Roosville is a small farming community immediately north of the Canada–United States border in the East Kootenay region of southeastern British Columbia. On BC Highway 93, the locality is east of Lake Koocanusa, at the southeast corner of Tobacco Plains Indian Reserve No. 2.

Sharing the name are adjacent Roosville, Montana and the Roosville Border Crossing.

==First Nations==
As early as the 1840s, the region was known as Tobacco Prairie and later as Tobacco Plains. The Tobacco Plains band has inhabited this land since time immemorial. The traditional name in the Ktunaxa language for this site is ¿/u¿/uqa, pronounced tsoo-tsoo-qa.

==Name origin==
The Hudson's Bay Company (HBC) moved Fort Kootenay several times within the plains region, finally settling immediately north of the boundary on the east shore of the Kootenay River.
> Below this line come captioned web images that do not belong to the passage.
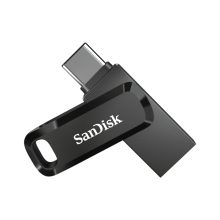 SanDisk Ultra Dual Drive Go unidad flash USB de 32 GB con conexiones USB Type-A y USB Type-C 3.2 Gen 1 (3.1 Gen 1) en color negro. SKU SDDDC3-032G-G46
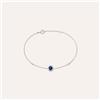 Stroili Bracciale Charlotte Oro Bianco Zaffiro Diamante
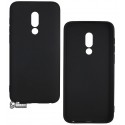 Чохол для Meizu 16th, Smtt, силіконовий, чорний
In 1865, Michael Phillipps, a clerk, transferred to this outpost for a brief period. In the 1890s, he established a ranch on the plains and the area became known as Phillips.
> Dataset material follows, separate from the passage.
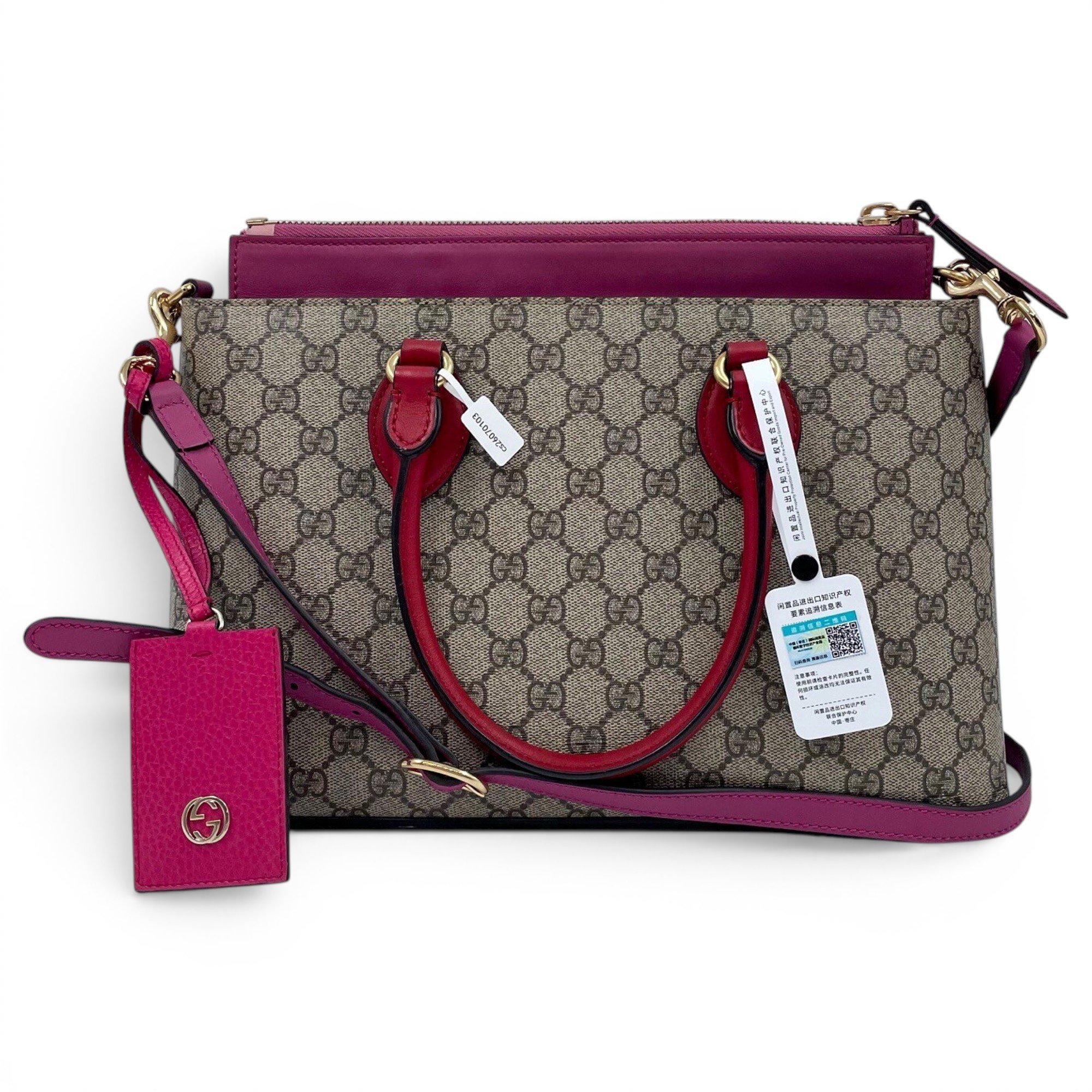 Leather crossbody bag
In 1899, Fred Roo was granted a liquor licence for his hotel at Phillips. A month later, he took charge of the general store. The next year, Fred Roo built a larger hotel. By 1901, he was calling the location Roosville. A year later, the new name was in common usage.

==Community==
Michael Phillipps was the inaugural postmaster 1899–1903, when the post office closed. Michael and many of his descendants are buried in the Roosville cemetery. Fred Roo was the next postmaster 1908–1922. The post office closed in 1926. In 1910, Miss N. Bartlett was the inaugural school teacher. During the earlier decades, Roosville was centred farther north than the border, closer to present day Grassmere.

Around 1930, the general store closed. During the mid-1930s, a National Defence Relief camp existed at Roosville. In 1949, the school closed.

At the border, a four-unit motel operated 1965–1989.